PrivateGaeta12 said:


> Why do you say that i should address anger management rather than abuse? Yes i live in the United States.
> 
> 
> Also, do you folks have any suggestions about how to manage my guilt over this situation. Because of the stress of the situation, I have had a flare up of my Acid Reflux, and I failed a professional exam which is very important to my career. The guilt is hindering my ability to even get basic things done.


Do some volunteer work. 
Be nice to people, even if it just means smiling or giving a well-deserved compliment, holding the door open for someone with their hands full, or picking up trash alongside the road on your walk or at a park.


----------



## turnera (Jan 22, 2010)

In the US, you can go to United Way and find your local chapter, and get access to a qualified psychologist. Everything you are describing can be fixed by going to a psychologist.


----------



## Sanity (Mar 7, 2011)

I commend you for admitting your abuse.

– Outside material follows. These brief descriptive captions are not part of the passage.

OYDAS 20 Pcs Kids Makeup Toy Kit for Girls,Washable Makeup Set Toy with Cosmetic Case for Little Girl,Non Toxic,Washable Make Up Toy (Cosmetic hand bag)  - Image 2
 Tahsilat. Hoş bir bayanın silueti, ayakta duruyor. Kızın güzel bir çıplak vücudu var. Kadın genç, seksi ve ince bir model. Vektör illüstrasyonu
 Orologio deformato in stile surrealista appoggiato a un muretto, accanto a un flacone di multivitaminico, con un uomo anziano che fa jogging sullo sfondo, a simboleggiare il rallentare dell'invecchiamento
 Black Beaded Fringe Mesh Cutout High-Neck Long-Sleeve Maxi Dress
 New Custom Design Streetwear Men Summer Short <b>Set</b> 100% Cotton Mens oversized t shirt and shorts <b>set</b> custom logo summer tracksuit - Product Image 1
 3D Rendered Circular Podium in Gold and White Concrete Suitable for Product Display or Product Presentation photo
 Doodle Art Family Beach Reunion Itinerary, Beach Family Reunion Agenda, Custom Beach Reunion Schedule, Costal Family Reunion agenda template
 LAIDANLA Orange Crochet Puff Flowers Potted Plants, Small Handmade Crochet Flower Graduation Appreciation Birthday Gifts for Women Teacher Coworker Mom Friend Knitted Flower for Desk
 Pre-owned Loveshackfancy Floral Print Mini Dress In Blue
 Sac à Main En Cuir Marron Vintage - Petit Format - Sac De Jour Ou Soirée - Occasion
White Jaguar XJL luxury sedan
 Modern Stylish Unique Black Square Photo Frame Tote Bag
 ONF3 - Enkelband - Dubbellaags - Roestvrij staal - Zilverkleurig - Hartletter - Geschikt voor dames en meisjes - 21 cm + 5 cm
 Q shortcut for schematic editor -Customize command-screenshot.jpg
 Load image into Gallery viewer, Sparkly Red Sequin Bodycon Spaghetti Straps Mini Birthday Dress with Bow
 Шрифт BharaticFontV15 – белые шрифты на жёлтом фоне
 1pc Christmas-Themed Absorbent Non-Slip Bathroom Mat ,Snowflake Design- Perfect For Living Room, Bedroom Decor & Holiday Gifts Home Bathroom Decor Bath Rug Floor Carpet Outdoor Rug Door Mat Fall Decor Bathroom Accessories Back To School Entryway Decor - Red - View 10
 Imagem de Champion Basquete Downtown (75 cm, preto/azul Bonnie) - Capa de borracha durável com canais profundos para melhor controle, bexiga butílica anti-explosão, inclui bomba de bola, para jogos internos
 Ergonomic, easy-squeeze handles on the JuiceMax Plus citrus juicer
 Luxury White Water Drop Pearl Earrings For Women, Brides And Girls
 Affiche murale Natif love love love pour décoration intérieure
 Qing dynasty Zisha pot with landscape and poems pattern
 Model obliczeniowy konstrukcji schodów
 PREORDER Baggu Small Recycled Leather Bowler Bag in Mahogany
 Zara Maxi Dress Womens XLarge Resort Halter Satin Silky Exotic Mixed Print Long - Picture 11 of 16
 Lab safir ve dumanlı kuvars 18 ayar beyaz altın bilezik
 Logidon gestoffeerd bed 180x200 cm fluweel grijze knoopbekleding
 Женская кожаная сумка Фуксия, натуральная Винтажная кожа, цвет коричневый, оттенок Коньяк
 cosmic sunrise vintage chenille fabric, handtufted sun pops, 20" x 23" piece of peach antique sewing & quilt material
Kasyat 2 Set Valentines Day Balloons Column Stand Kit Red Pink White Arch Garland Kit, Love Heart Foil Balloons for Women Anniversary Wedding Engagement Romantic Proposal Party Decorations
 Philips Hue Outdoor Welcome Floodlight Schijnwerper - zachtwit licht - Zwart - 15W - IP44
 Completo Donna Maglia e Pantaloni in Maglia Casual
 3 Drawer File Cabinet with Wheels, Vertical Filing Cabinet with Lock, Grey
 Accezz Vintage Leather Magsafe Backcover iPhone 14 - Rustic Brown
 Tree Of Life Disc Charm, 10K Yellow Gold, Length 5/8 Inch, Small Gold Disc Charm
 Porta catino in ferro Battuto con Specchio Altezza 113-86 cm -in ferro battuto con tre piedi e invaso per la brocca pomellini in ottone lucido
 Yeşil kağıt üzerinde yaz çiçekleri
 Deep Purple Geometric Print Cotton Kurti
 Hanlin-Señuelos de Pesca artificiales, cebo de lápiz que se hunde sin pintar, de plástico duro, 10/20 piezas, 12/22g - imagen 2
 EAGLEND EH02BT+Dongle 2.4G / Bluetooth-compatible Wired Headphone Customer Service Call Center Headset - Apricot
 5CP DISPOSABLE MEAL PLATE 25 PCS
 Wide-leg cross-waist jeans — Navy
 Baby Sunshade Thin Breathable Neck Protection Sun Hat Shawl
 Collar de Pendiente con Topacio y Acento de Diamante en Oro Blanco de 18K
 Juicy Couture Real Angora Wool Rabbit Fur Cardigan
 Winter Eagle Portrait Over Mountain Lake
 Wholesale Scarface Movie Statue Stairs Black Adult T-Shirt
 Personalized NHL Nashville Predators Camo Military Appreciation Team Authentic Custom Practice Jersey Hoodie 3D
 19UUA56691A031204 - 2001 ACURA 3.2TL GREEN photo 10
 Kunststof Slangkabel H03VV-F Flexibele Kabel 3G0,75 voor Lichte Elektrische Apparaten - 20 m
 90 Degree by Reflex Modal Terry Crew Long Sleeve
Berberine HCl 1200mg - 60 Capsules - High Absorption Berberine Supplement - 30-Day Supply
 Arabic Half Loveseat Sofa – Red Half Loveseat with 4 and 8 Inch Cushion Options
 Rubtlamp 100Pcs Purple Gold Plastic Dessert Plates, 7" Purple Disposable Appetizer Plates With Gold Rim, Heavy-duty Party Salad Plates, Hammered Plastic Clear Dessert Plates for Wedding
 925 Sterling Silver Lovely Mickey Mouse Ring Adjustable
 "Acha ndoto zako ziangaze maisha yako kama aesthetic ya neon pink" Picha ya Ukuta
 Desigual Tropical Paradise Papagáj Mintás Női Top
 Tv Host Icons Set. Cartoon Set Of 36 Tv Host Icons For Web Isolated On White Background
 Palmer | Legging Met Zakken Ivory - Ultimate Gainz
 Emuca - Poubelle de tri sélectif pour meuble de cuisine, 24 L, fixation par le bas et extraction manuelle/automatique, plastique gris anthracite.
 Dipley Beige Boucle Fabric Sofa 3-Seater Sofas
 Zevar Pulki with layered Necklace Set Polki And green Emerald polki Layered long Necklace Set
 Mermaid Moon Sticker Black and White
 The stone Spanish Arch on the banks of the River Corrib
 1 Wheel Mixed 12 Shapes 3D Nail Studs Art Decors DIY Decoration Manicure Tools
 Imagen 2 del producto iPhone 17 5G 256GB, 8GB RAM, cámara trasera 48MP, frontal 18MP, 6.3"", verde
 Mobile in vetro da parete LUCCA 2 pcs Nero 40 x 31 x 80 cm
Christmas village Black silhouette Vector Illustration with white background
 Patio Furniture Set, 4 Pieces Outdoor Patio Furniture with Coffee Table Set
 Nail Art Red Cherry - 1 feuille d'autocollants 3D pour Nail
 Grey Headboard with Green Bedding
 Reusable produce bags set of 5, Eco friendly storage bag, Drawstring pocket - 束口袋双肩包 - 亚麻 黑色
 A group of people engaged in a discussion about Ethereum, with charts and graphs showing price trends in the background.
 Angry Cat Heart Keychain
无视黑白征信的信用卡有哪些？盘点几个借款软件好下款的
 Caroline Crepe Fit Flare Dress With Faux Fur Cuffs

It might be too late for your wife but it's not late for you to get your life together and move towards a healthy, loving relationship.
_Posted via Mobile Device_


----------



## Blacksmith (Jun 25, 2011)

It is obvious that what you are experiencing is insecurity; but picture it as an *open wound*. Similar to what would happen to your skin, your emotional body has a gaping wound.

You're starting a process of healing, just as your body would, had you suffered a physical injury!

The anger is similar to an inappropriate immune-response...

This is because, basically, what you haven't heard yet, is that the core of this issue is that you have an inappropriate script; negative internal/subconscious feedback, its quite similar to a virus, right? 

Now, what this feedback is telling you, *is exactly what you are throwing off, the exact message that you are sending to your partner is the one that's being played back in your own mind/soul!* Simple! *More specifically it is of a sexual nature, quite likely that you were/witnessed strong sexually abused, or possibly have a sex/purity issue in regards to your religious upbringing*.

The good news, is that the clear root of this issue, is *self-reliance*, a belief that you cannot for some reason access the love that you NEED. A belief that you will not show/be seen for who you are at a heart level. 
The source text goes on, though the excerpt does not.